**Work item:** Using the listing below, set down exactly the lines from the one that contains "Kenny Omega raises" through the one that contains "Building Photo - 2", with no pictures.

**Information supplied:**
··········

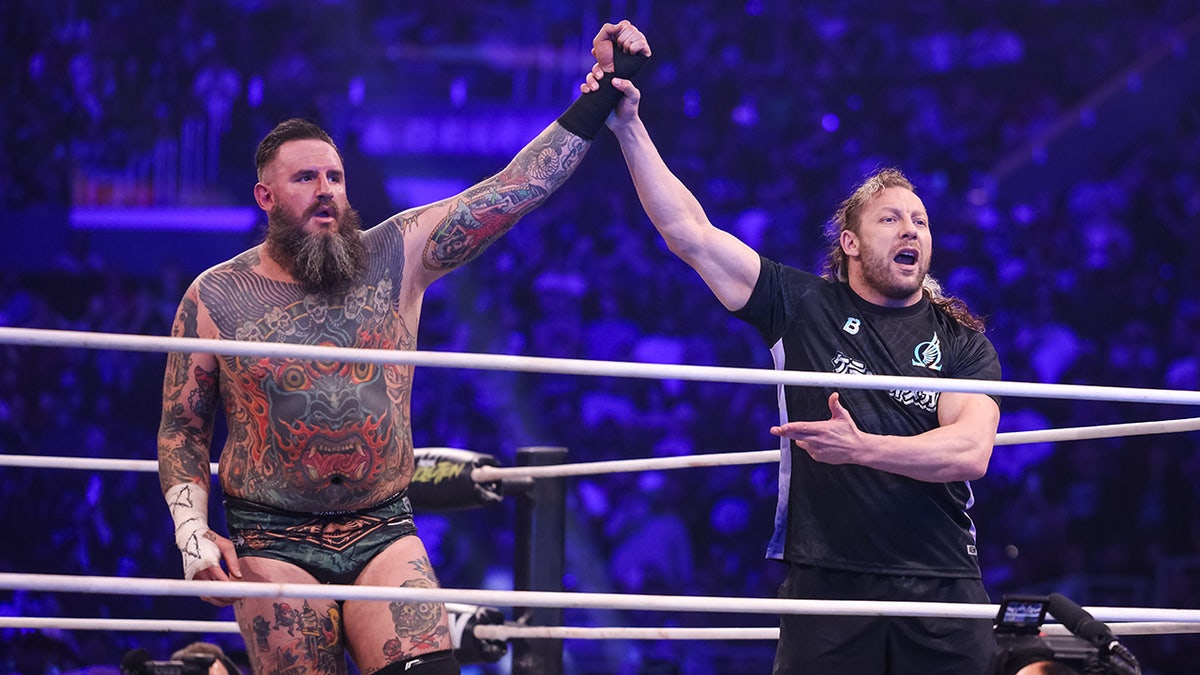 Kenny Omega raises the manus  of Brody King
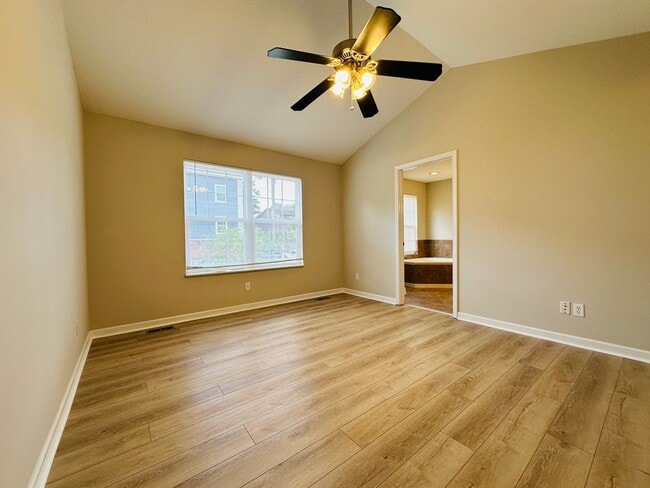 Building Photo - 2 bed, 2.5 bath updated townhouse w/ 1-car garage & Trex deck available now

··········

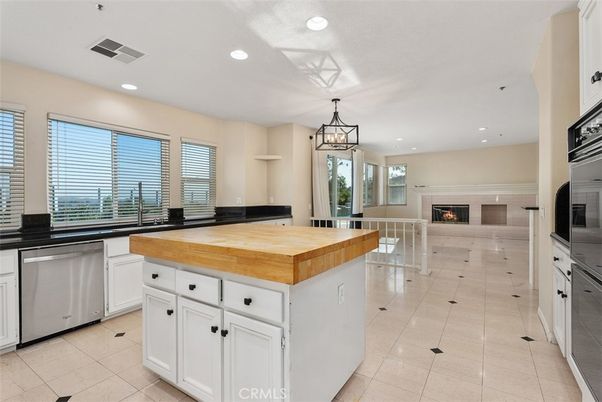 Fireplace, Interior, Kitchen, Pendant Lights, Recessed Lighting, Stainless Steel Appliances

··········

**Reply:**
 Kenny Omega raises the manus  of Brody King
 Building Photo - 2 bed, 2.5 bath updated townhouse w/ 1-car garage & Trex deck available now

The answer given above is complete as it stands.